A face not being recognized is an example of a “blind spot” in the design process, this same “blind spot” all too often manifests itself in product ranges that have something to do with skin tone. Products are sometimes marketed around the world yet they have a history of not catering for the full range of skin tones. The success of and hype around Rhianna’s FENTY BEAUTY make-up and SAVAGE x FENTY lingerie ranges show that there was a huge demand for products that cater to a wider range of skin tones. Crayola launched a “Colours of the World Skin Tone” set of 24 crayons in May this year. Band-Aid has recently announced that they will add non-white skin tone bandages to their range. They claimed a previous attempt in 2005 failed due to a “lack of interest” – and yet a number of other companies have had success tapping into this market in the meantime. Artist and photographer Angélica Dass’ project Humanae highlights just how broad the category “skin color is” – starting with family and friends and then expanding to anyone that volunteers, she has photographed a diverse range of people and then selects “their” PANTONE based on the color of their nose.

 

Humanae by Angélica Dass – screen shot from Angélica’swebsite

 

Appreciation? Appropriation!

Being seen and seeing oneself reflected in one’s environment matters, representation matters. But it also matters who is doing the representation and who it is benefitting from it. The whole topic of drawing a line between “being inspired by” and “copying” is already controversial and much debated in the design world – if you throw structures of power and oppression into the mix, things get more complicated… or maybe exactly the opposite. Cultural appropriation is the adoption of an element or elements of one culture by members of another culture. This is especially problematic when members of a dominant culture appropriate from disadvantaged cultures and make a profit in the process. The Native American Navajo Nation fought a long battle with Urban Outfitters over the use of their traditional patterns and name and eventually settled for an undisclosed amount. South African designer Laduma Ngxokolo of MaXhosa Africa, who has made a name for himself with premium knitwear products that celebrate traditional Xhosa aesthetics, went up against the retail giant Zara and their sock design that closely resembled MaXhosa’s signature diamond pattern design. Zara “cooperated and were submissive” and quickly removed the socks from sale. Both cases saw an outcry from supporters in the side of the claimants but relied on copyright law and copyrights being in place for the owners to stake their ownership claims.

 

An original MaXhosa design on the left, and the Zara copy on the right. Images from maxhosa.africa

 

Lasting legacies

Modern technology is still grappling with how not to enforce bias, but hard-coded racial bias was happening long before the internet – just it was “hard-coded” into our cities and therefore our daily lives.
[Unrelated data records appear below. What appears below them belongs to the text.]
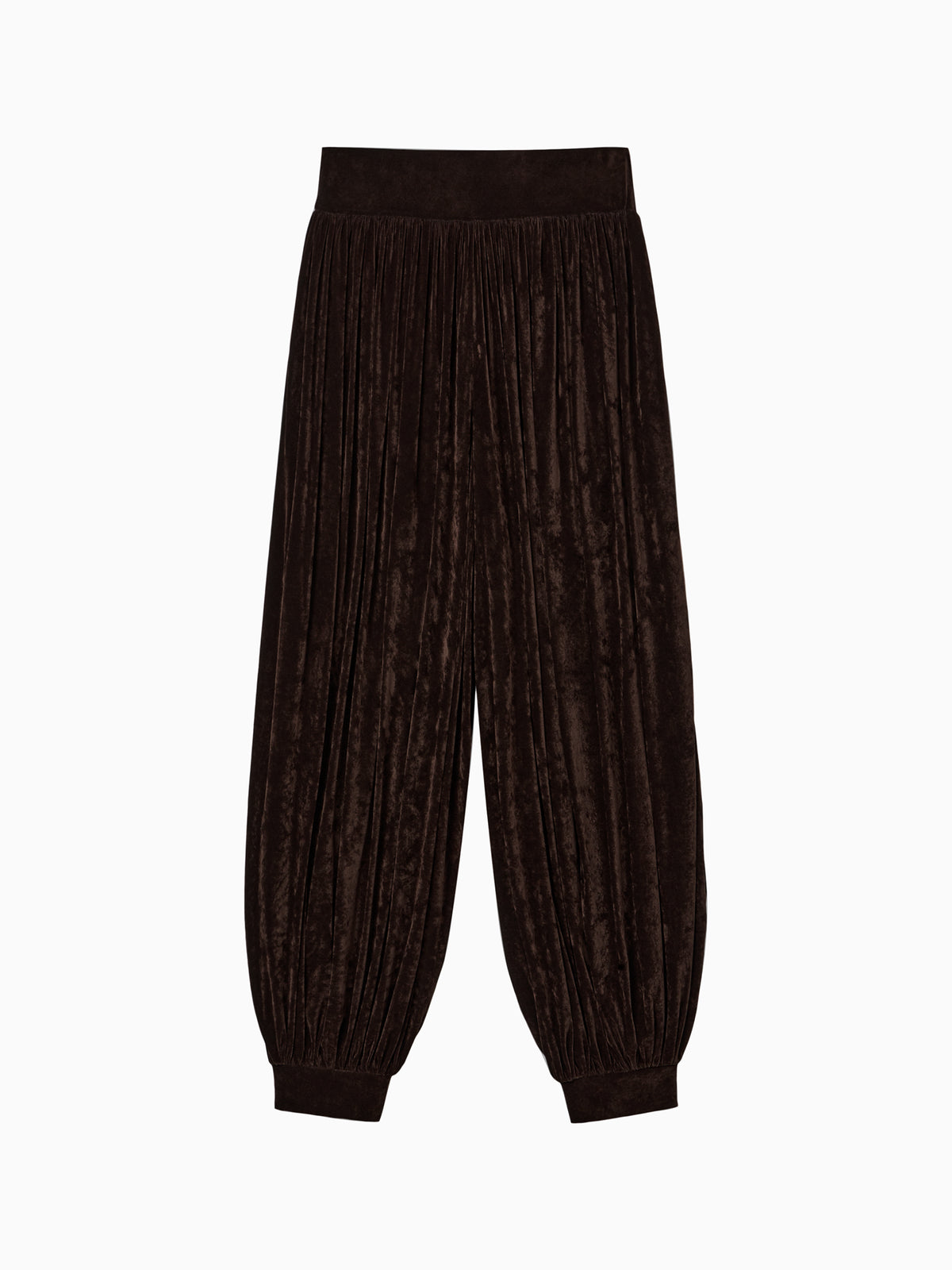 Velvet Parachute Pants Brown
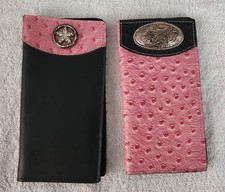 Texas Leather Manufacturing Wallet Checkbook Pink Black Concho Western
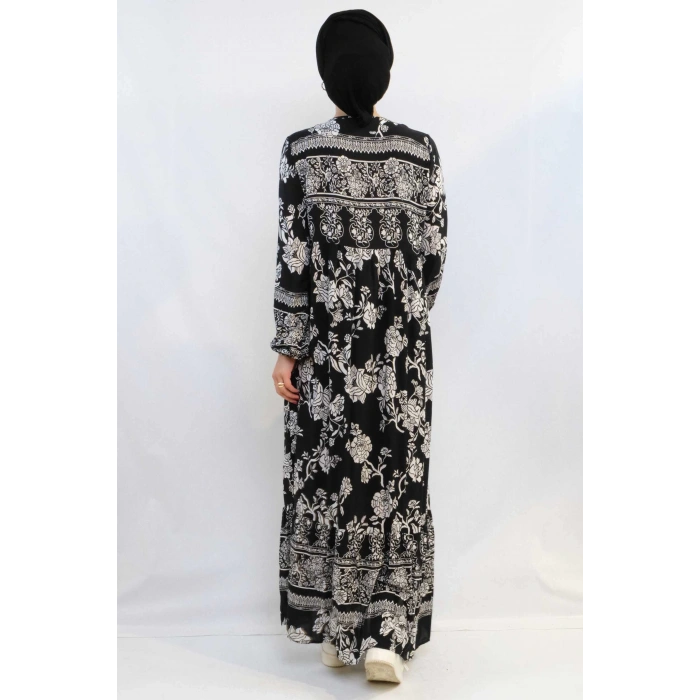 Moda Çizgi Vintage Desen Elbise Siyah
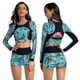 thumbnail image 4 of Traje de baño de manga larga para mujer, camisa para surfear, traje de baño de dos piezas, conjunto de pantalones cortos geométricos, traje de baño con protección Uv, 4 of 5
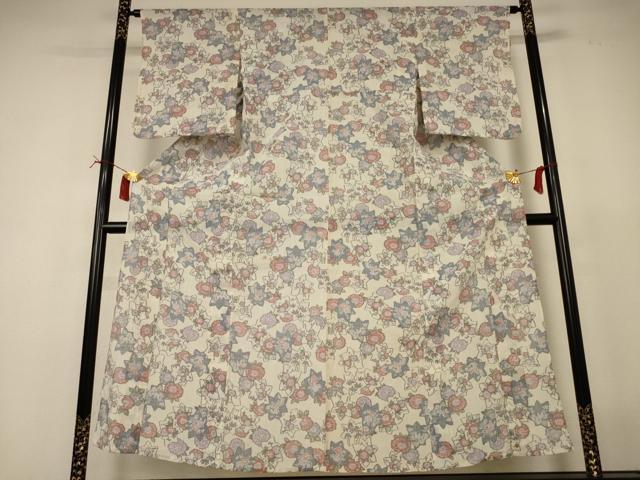 平和屋着物＊夏物　小千谷ちぢみ　草花文　麻　逸品　AABI7783jd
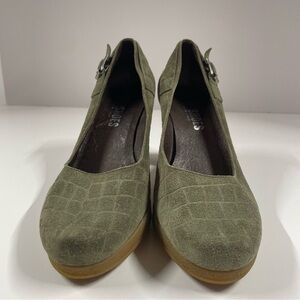 Stylish Green Suede Women's Shoes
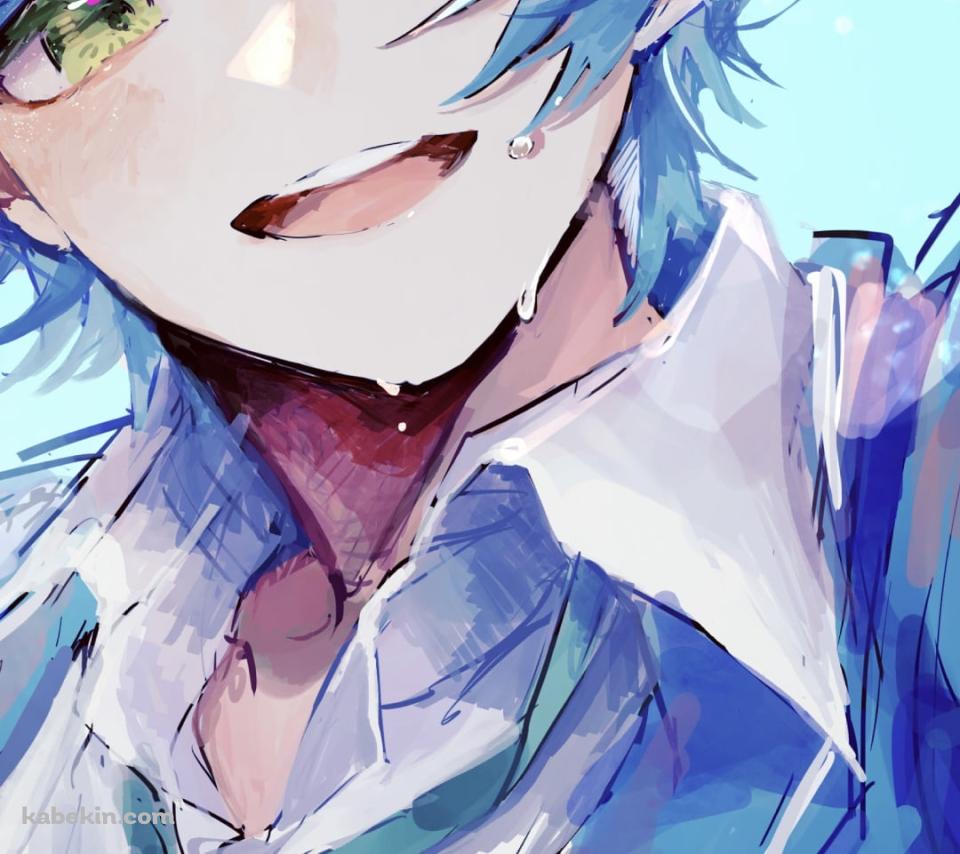 青髪の深海奏汰(しんかいかなた) / あんさんぶるスターズ!のAndroidの壁紙(960px x 854px) スマホ用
This past month activists have been highlighting examples of this, pulling down statues and renaming streets that memorialize people that committed horrendous atrocities against Black-, Indigenous- and people of color – here’s an overview in Germany.

But what about buildings themselves? Near my university in London – which was in a traditionally low-income area – there was a controversy over a swanky new block of flats planned – and not just of the standard anti-gentrification kind. There was a requirement that the block includes a certain percentage of social (government-assisted) housing and someone in the planning office or the architecture firm decided there was a need to keep these people away from the other high paying residents. Their solution was one grand entrance at the front of the building and a second, smaller one at the back of the building – two separate sets of lifts, stairs, and corridors were planned – so that the two “types” of residents would never cross paths. I don’t want to equate Blackness with low-income per se – but the legacy of colonization and enslavement and structural racism in housing and financing has resulted in very real intergenerational wealth disparities and the reality was/is in this area of London (and is in many cities across the UK, the USA, and the world) that low-income communities are majority Black and Brown – and the higher wage gentrifying class are majority white.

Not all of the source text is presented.